* _YOUR INSTRUCTIONS_:
Print the full set of records below, character for character and picture-free.

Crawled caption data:

——————————

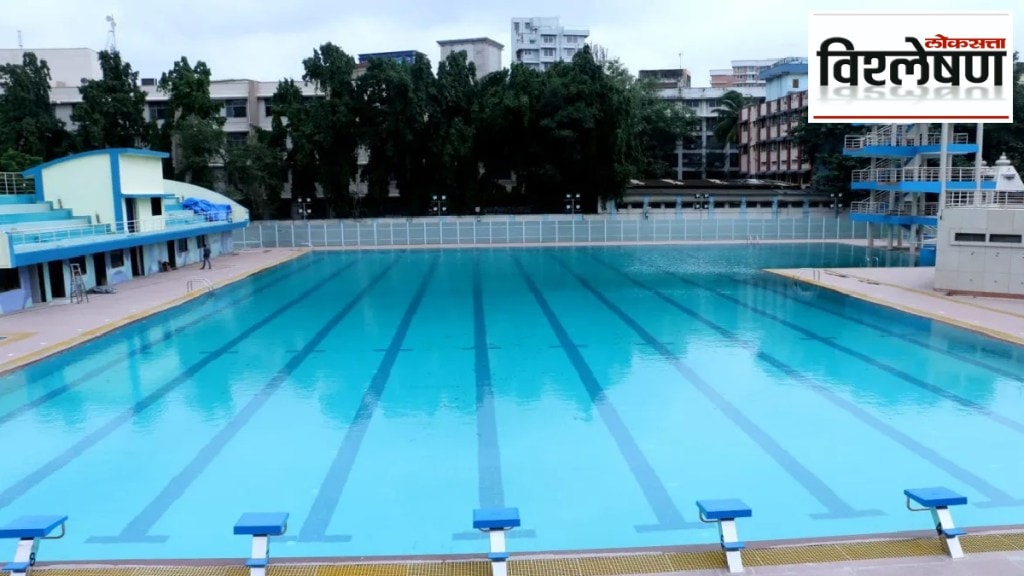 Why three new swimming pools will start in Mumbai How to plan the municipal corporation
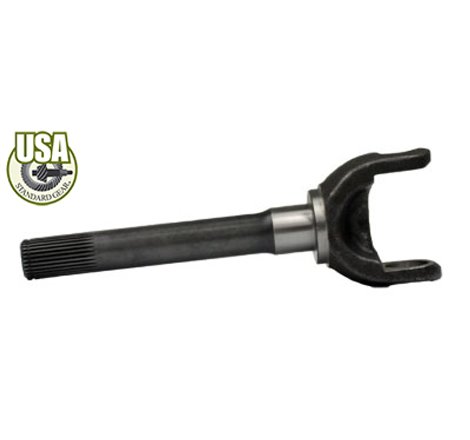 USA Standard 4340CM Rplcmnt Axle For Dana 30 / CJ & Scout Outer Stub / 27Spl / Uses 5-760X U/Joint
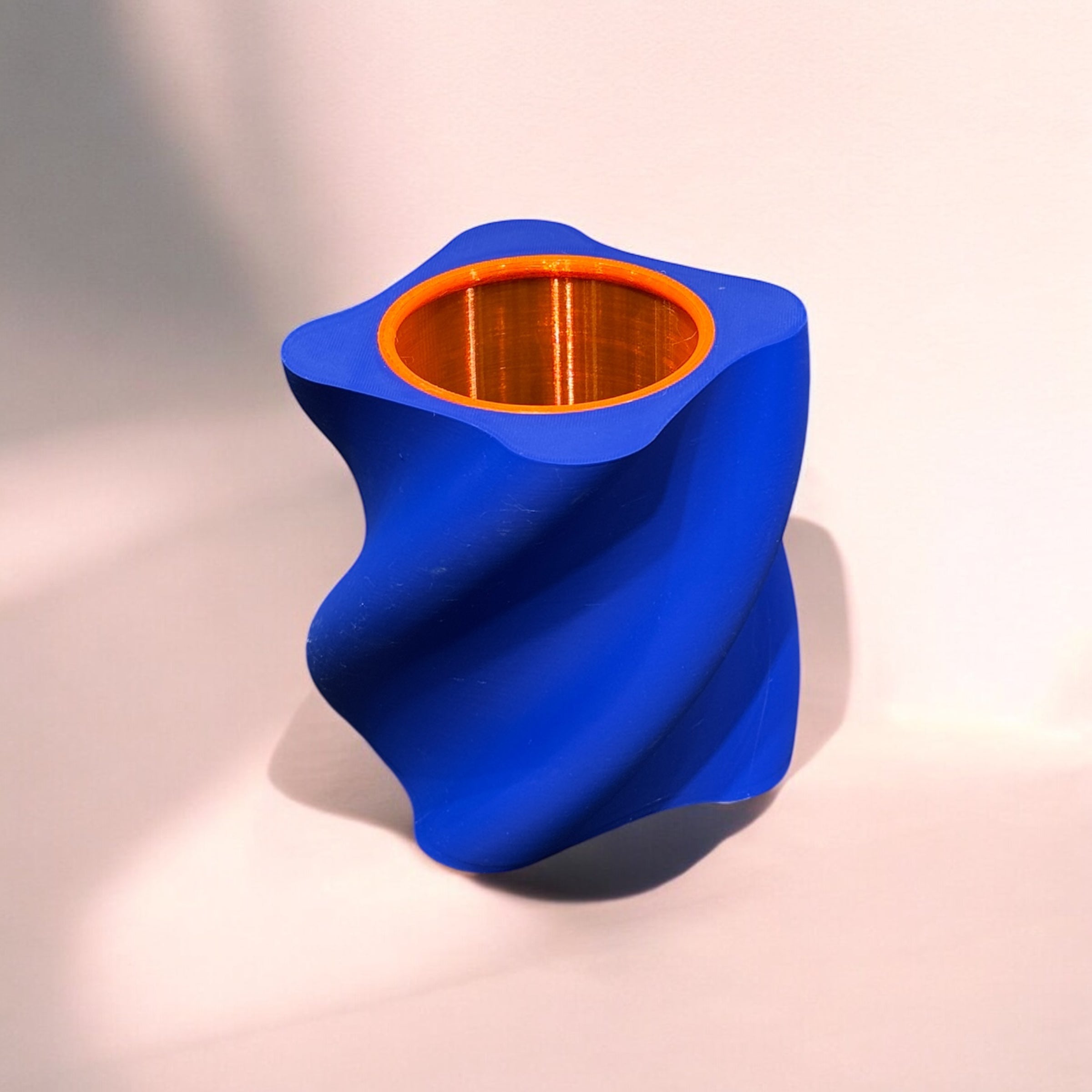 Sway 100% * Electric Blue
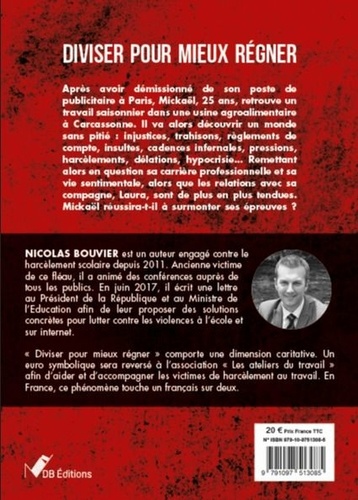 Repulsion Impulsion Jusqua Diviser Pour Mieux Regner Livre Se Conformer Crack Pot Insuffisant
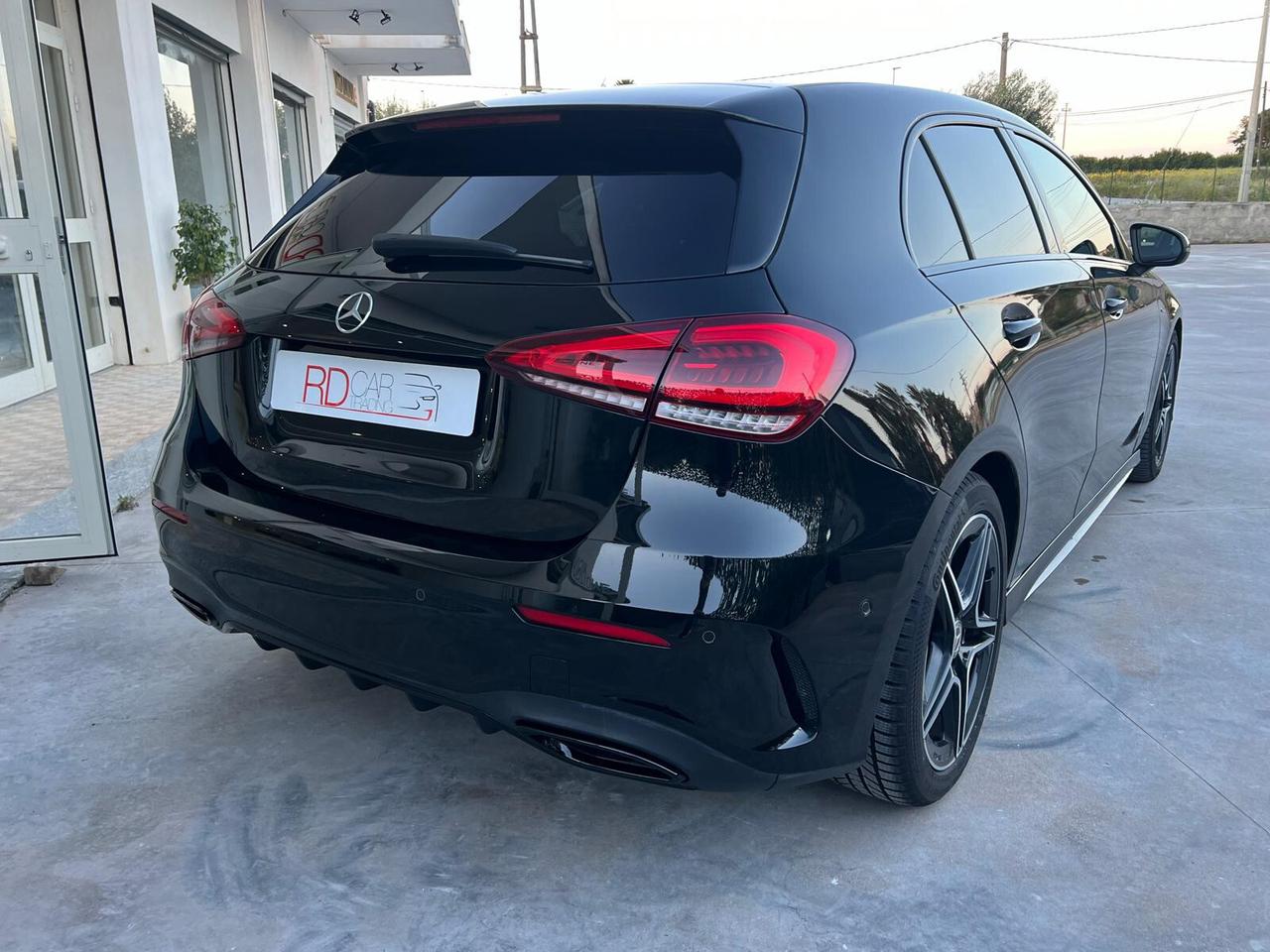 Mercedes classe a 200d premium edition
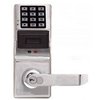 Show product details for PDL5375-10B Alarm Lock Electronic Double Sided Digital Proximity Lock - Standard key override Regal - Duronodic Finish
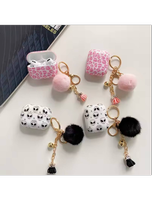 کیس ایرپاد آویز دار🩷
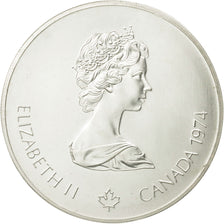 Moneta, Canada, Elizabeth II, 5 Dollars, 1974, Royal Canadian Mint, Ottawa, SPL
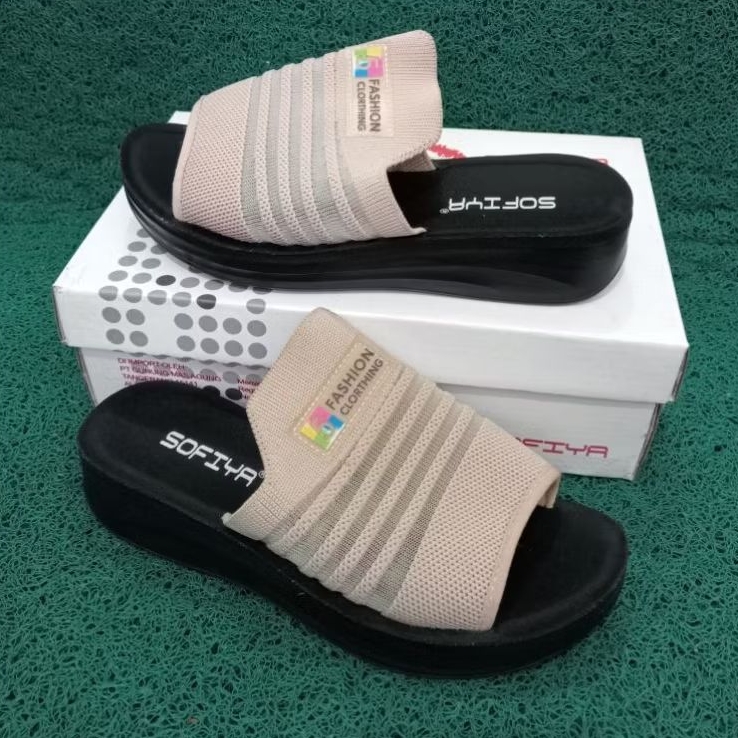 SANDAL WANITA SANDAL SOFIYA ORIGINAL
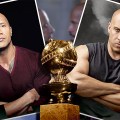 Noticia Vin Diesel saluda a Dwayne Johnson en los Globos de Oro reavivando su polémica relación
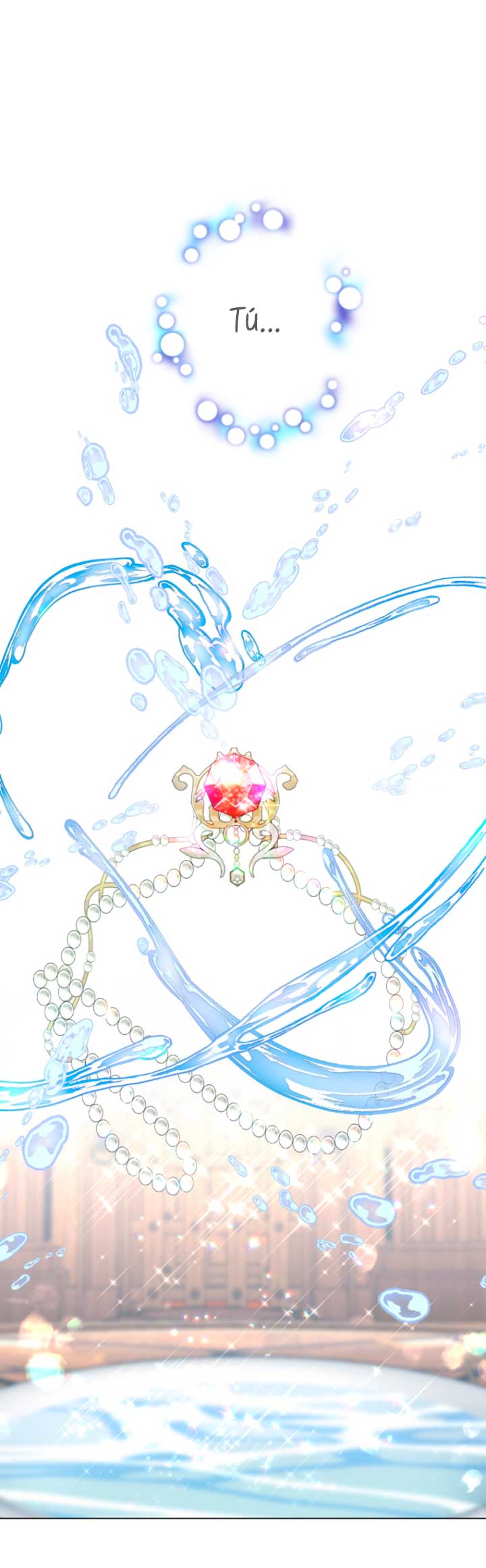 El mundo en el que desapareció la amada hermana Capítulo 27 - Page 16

——————————

* _RESPONSE FOR THIS EXERCISE_:
 Why three new swimming pools will start in Mumbai How to plan the municipal corporation
 USA Standard 4340CM Rplcmnt Axle For Dana 30 / CJ & Scout Outer Stub / 27Spl / Uses 5-760X U/Joint
 Sway 100% * Electric Blue
 Repulsion Impulsion Jusqua Diviser Pour Mieux Regner Livre Se Conformer Crack Pot Insuffisant
 Mercedes classe a 200d premium edition
 Show product details for PDL5375-10B Alarm Lock Electronic Double Sided Digital Proximity Lock - Standard key override Regal - Duronodic Finish
 کیس ایرپاد آویز دار🩷
 Moneta, Canada, Elizabeth II, 5 Dollars, 1974, Royal Canadian Mint, Ottawa, SPL
 SANDAL WANITA SANDAL SOFIYA ORIGINAL
 Noticia Vin Diesel saluda a Dwayne Johnson en los Globos de Oro reavivando su polémica relación
 El mundo en el que desapareció la amada hermana Capítulo 27 - Page 16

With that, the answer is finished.